It is very easy to make games now. There are a lot of codes for you to refer to and a lot of frameworks for you to use. Windows helps you do most of the things. When we were writing games at that age, there was no Internet at home, no information could be found, and no open source engines existed. If you wanted to write a game around 1995, you would at least face the following challenges:

  • When dealing with graphics cards, there is the famous ModeX display mode of graphics cards. I guess few people have heard of it now. It directly writes to the graphics card port and requires many tricks to initialize successfully.
  • Directly access video memory. I remember that there was an optimization back then: ((char*)0xa0000L)[x + (y << 8) + (y << 6)]=c, which was to shift y left twice and add them instead of y * 320.
  • Use a palette to draw, a 256-color palette, and create several index tables to quickly index the results of mixing two colors.
  • Protected mode programming, initializing GDT and LDT by myself, and later found dos4gw, the awesome watcom c++.
  • Implement the thread yourself, program the 8254 clock controller, send an interrupt to the CPU's IRQ0 to schedule up to 32 different tasks, and switch them when the time comes.
  • Control the sound card yourself through port 220 (probably not many people have used it before), and then use DMA to transfer audio to achieve sound playback.
  • To implement mixing yourself and play multiple sound sources at the same time, you need to resample them into the sound card format and send the mixed sound to the sound card every time DMA interrupt occurs.
  • Play music by yourself, use the FM Synth synthesizer of the sound card port 338 to play the instrument notes of different tracks in MIDI music, and use the previously implemented thread system to run in the background thread.
  • A lot of assembly code, graphics copying, tile scaling, RLE, graphics card control, polygon filling, keyboard interrupt takeover.
  • Draw your own font, HZK16, I guess not many people have heard of it.
  • Read images by yourself, GIF, PCX, BMP.
  • Play the video by yourself, and decode and play the FLC video format output by animator and 3ds.
  • Implement the script yourself, no LUA, no PYTHON, but you need to implement scripts for your game to describe some simple plots. You have never seen how other games are done, and without any reference code, you realize that game development requires scripts to improve efficiency, and then implement a script system yourself.
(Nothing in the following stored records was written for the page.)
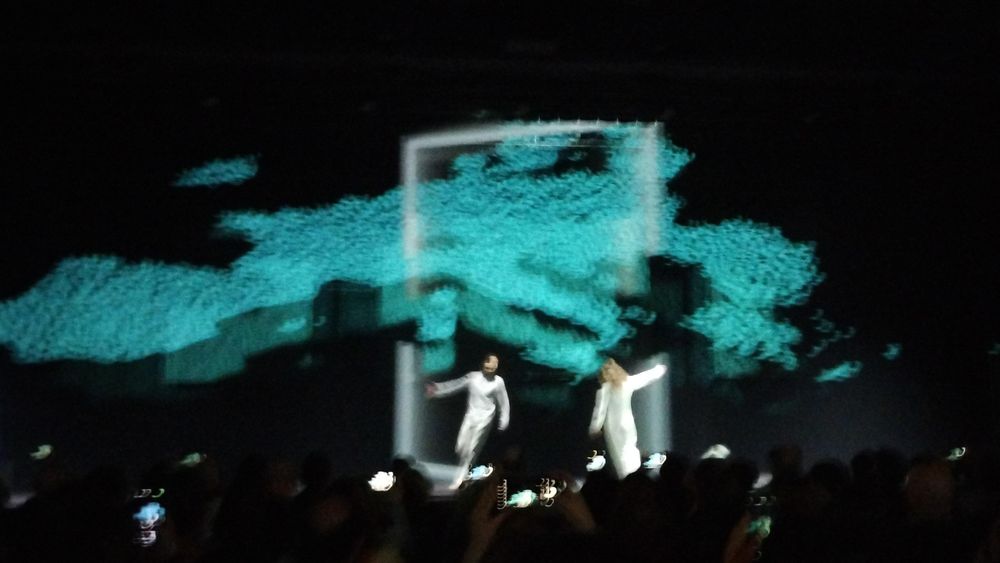 A picture of two dancers in white performing in front of a map of the EU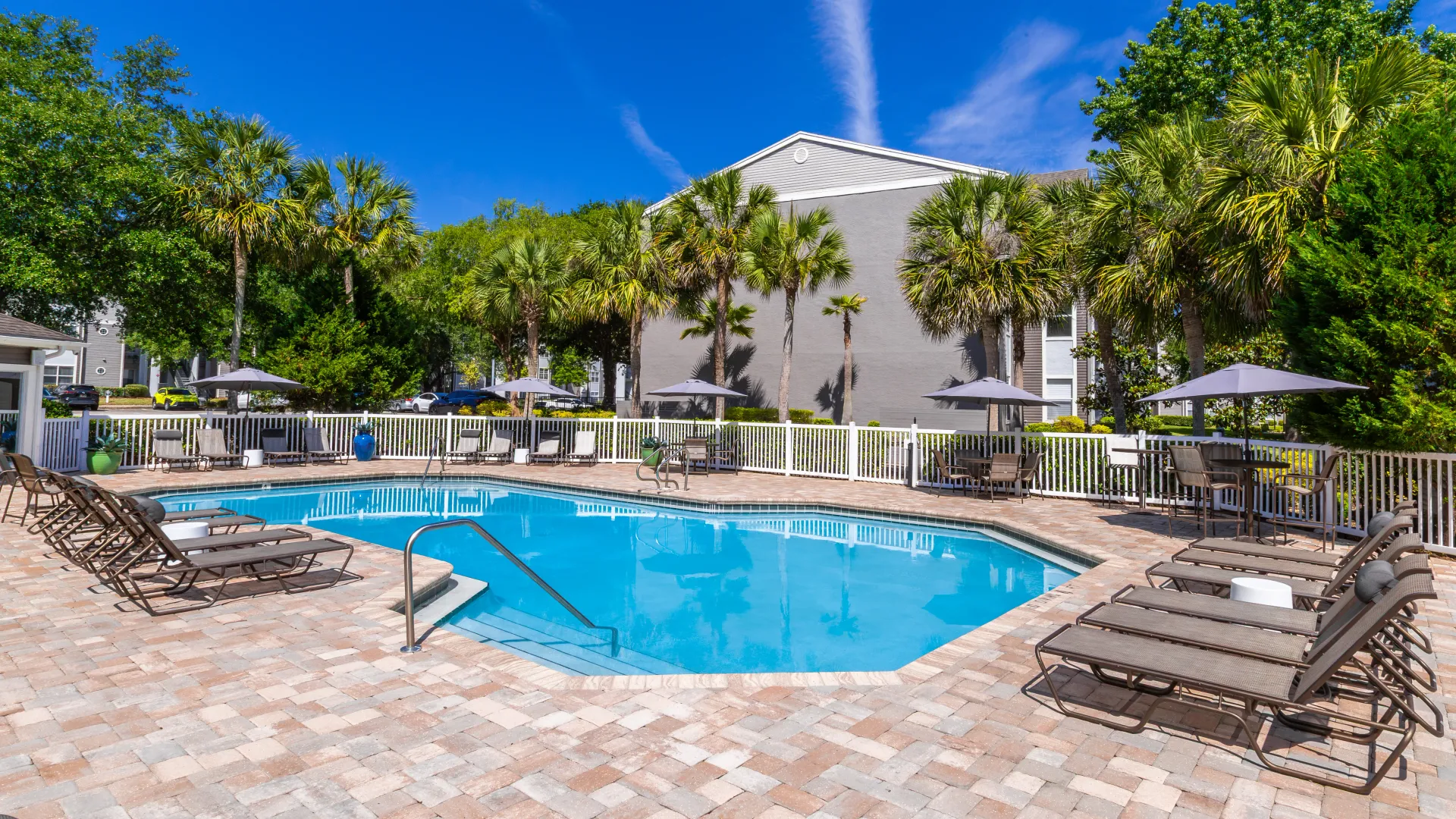 Aerial view of the pool area at The Enclave at Huntington Woods with lounge chairs, patio tables with umbrellas, and surrounding palm trees.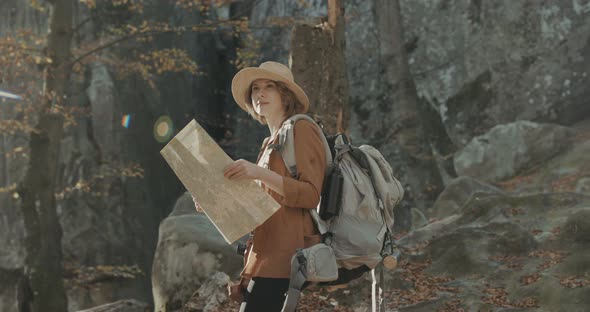 Attractive young woman in stylish hat and a tourist map in her hands looking around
  • Implement a game out of thin air, without ever seeing any game code, think about how to write the state machine, how the game objects should move simultaneously, how to do front and back occlusion of the image, and how to write various game logics.
  • To study art design, even if you have no art background, you have to be proficient in using the commonly used animator, 3ds, and other software at the time, and make some simple interfaces and characters by yourself. You can also perform secondary processing on other pictures, draw pixel pictures, and merge color palettes.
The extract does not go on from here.